Records supplied section start

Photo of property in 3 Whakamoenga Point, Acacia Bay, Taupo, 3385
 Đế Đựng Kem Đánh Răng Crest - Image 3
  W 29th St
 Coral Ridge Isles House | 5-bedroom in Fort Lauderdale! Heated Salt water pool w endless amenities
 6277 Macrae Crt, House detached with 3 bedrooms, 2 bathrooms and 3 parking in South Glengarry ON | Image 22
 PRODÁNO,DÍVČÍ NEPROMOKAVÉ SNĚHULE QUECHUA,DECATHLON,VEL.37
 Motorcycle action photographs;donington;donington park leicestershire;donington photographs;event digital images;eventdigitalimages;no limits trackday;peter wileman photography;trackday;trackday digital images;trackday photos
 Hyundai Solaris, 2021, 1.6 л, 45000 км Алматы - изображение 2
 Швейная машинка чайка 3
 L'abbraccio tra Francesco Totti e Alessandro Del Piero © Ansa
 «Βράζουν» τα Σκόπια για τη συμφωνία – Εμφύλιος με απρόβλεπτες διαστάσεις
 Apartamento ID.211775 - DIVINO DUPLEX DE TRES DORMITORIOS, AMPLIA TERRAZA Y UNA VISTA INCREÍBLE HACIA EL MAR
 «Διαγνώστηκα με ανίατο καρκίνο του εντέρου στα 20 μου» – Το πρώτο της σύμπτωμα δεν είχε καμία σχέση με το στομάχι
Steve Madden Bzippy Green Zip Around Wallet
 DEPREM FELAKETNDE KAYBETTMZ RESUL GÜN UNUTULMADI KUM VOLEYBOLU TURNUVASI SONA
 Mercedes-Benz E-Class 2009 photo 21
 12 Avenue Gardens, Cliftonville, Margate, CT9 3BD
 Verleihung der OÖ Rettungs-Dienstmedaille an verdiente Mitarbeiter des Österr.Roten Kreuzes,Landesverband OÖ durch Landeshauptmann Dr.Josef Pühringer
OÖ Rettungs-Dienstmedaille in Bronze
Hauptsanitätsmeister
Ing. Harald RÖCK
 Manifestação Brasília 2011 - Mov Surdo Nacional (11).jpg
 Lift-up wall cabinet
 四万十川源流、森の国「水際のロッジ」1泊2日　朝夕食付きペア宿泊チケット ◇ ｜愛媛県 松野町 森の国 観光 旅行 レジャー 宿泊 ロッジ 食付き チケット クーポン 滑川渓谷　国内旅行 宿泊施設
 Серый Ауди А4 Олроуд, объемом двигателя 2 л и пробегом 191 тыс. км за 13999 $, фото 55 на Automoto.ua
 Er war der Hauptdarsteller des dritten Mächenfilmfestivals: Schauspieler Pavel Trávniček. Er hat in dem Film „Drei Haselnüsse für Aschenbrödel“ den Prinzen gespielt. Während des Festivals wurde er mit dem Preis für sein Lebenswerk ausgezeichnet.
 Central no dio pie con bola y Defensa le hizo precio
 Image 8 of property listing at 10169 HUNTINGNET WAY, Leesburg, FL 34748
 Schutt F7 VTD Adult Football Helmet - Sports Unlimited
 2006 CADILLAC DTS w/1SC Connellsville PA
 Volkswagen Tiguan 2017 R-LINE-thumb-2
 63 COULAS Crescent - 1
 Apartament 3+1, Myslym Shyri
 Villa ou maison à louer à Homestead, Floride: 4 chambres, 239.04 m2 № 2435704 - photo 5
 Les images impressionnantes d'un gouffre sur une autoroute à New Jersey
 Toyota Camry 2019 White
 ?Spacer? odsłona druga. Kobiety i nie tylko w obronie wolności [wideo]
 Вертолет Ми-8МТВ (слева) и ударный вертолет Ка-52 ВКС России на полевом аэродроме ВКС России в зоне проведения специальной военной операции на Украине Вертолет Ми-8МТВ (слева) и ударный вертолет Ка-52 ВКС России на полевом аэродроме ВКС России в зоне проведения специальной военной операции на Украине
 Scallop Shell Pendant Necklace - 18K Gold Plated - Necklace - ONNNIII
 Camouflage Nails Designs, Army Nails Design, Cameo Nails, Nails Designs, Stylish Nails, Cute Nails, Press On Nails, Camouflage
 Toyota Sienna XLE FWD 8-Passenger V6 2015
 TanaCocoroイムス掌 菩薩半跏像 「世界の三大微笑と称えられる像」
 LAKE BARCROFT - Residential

Records supplied section end

* [Try it]: Above are the entries. Copy exactly the part that opens with the line containing "Hauptsanitätsmeister" and closes with the line containing "四万十川源流、森の国「水際のロッジ」1泊2日　朝夕食付きペア宿泊チケット ◇ ｜愛媛県", and no more.

* [Your response]:
Hauptsanitätsmeister
Ing. Harald RÖCK
 Manifestação Brasília 2011 - Mov Surdo Nacional (11).jpg
 Lift-up wall cabinet
 四万十川源流、森の国「水際のロッジ」1泊2日　朝夕食付きペア宿泊チケット ◇ ｜愛媛県 松野町 森の国 観光 旅行 レジャー 宿泊 ロッジ 食付き チケット クーポン 滑川渓谷　国内旅行 宿泊施設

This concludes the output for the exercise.